Ambitonal Chord Properties

Let us define a chord Q as a set of positive odd integers with a GCD of 1, where each successive component in the set is greater than the former. Let us also define the fixed-inversion of the chord Q as H(Q) = LCM(Q)/Q (but rearranged such that the least-to-greatest order within the set is preserved).

This fixed-inversion has the following properties:
1a.) H(Q) = LCM(Q)/Q
1b.) H(H(Q)) = Q (it is a dual function)
2a.) LCM(Q) = LCM(H(Q))

Now let us consider an ambitonal triad T = A:B:C. By definition, the largest odd integer in set T is equal to the largest odd integer in H(T). In other words, max(T) = max(H(T)). The largest integer in the fixed-inversion can also be understood to be the fixed-inverse of the smallest integer within the original set, by property 1a. Therefore max(H(T)) = LCM(T)/min(T). By property 2a, we can then derive the following equalities: max(T) = max(H(T)), and min(T) = min(H(T)).

Using the above equalities, we can derive another property:
3a.) LCM(Q) = min(Q)*max(Q), if and only if Q is an ambitonal chord.

Because we know that the maximum and minimum components must remain fixed from the original set to the fixed-inversion, we can then say that the triad T = [A, B, C] has a fixed-inverse H(T) = [A, D C]. From property 2a we can then say LCM(A, B, C) = LCM(A, D, C).
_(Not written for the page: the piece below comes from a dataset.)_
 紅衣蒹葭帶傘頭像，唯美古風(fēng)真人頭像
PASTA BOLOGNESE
Therefore LCM(LCM(A,C), B) = LCM(LCM(A,C), D). Using property 3a we can reduce this to LCM(T, B) = LCM(T, D). This only holds true if B=D, or if B and D are both divisible by T.

Therefore if LCM(A*C)/B is an integer, the triad A:B:C (and all of its octave inversions/transpositions) is an ambitonal triad.

-Ryan

--- In tuning-math@yahoogroups.com, "Ryan Avella" <domeofatonement@...> wrote:
>
> Let us define a chord Q as a set of positive odd integers with a GCD of 1, where each successive component in the set is greater than the former. Let us also define the fixed-inversion of the chord Q as H(Q) = LCM(Q)/Q (but rearranged such that the least-to-greatest order within the set is preserved).
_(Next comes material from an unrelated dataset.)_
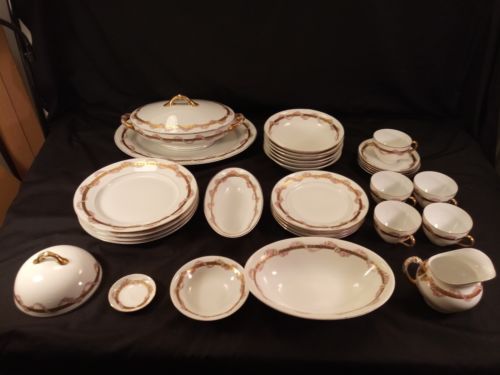 Hutschenreuther Altrohlau Habsburg Porcelain MZ Austria 33 Piece Set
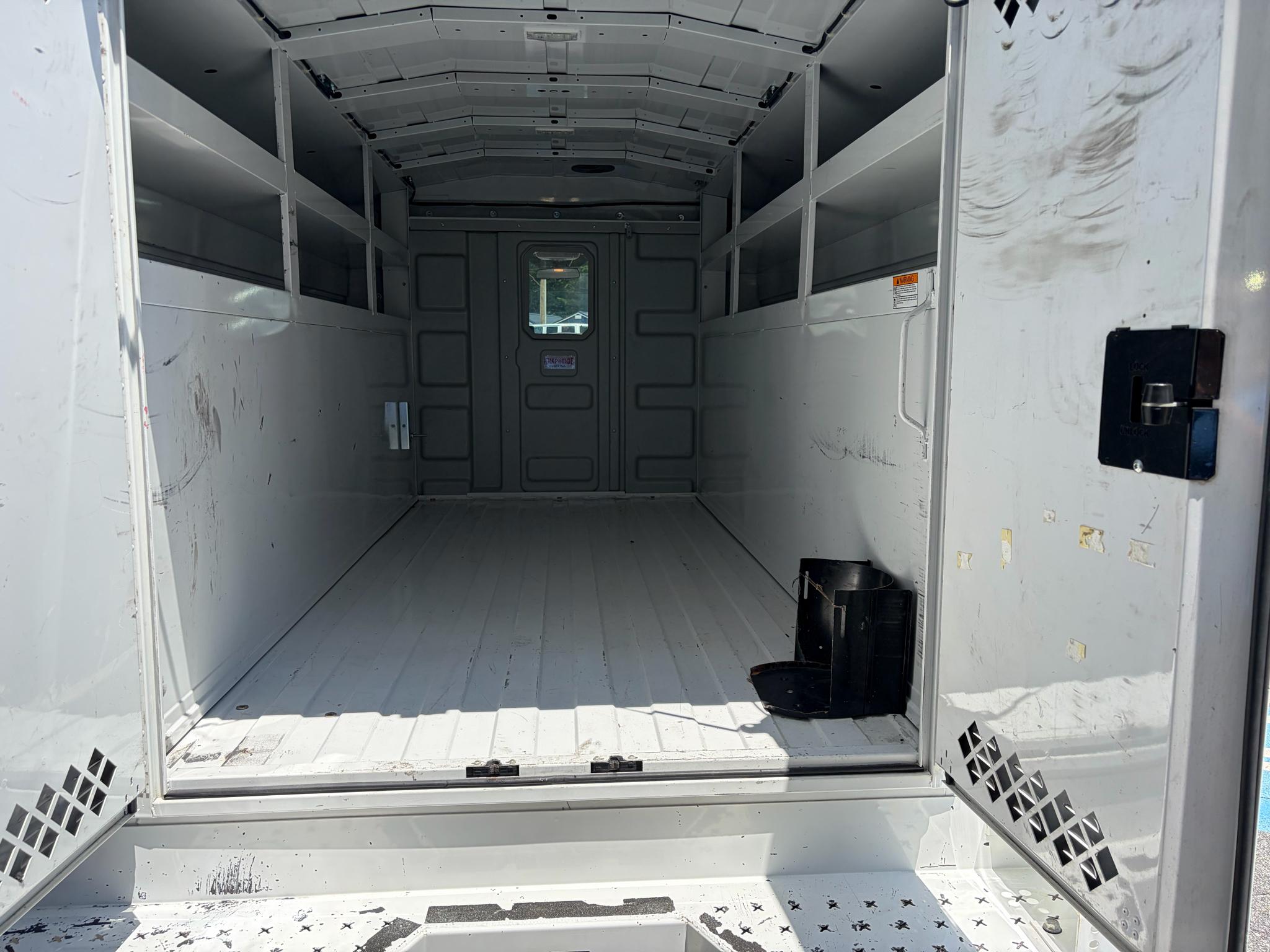 Ford Transit Cutaway T-250 SRW 138" WB 9000 GVWR 2018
To be terribly picky, sets don't have an order. But thanks for putting this together.

--- In tuning-math@yahoogroups.com, "Ryan Avella" <domeofatonement@...> wrote:
>
> Let us define a chord Q as a set of positive odd integers with a GCD of 1, where each successive component in the set is greater than the former. Let us also define the fixed-inversion of the chord Q as H(Q) = LCM(Q)/Q (but rearranged such that the least-to-greatest order within the set is preserved).
>
> This fixed-inversion has the following properties:
> 1a.) H(Q) = LCM(Q)/Q
> 1b.) H(H(Q)) = Q (it is a dual function)
> 2a.) LCM(Q) = LCM(H(Q))
>
> Now let us consider an ambitonal triad T = A:B:C. By definition, the largest odd integer in set T is equal to the largest odd integer in H(T). In other words, max(T) = max(H(T)). The largest integer in the fixed-inversion can also be understood to be the fixed-inverse of the smallest integer within the original set, by property 1a. Therefore max(H(T)) = LCM(T)/min(T). By property 2a, we can then derive the following equalities: max(T) = max(H(T)), and min(T) = min(H(T)).
>
> Using the above equalities, we can derive another property:
> 3a.) LCM(Q) = min(Q)*max(Q), if and only if Q is an ambitonal chord.
>
> Because we know that the maximum and minimum components must remain fixed from the original set to the fixed-inversion, we can then say that the triad T = [A, B, C] has a fixed-inverse H(T) = [A, D C]. From property 2a we can then say LCM(A, B, C) = LCM(A, D, C). Therefore LCM(LCM(A,C), B) = LCM(LCM(A,C), D). Using property 3a we can reduce this to LCM(T, B) = LCM(T, D). This only holds true if B=D, or if B and D are both divisible by T.
>
>
> Therefore if LCM(A*C)/B is an integer, the triad A:B:C (and all of its octave inversions/transpositions) is an ambitonal triad.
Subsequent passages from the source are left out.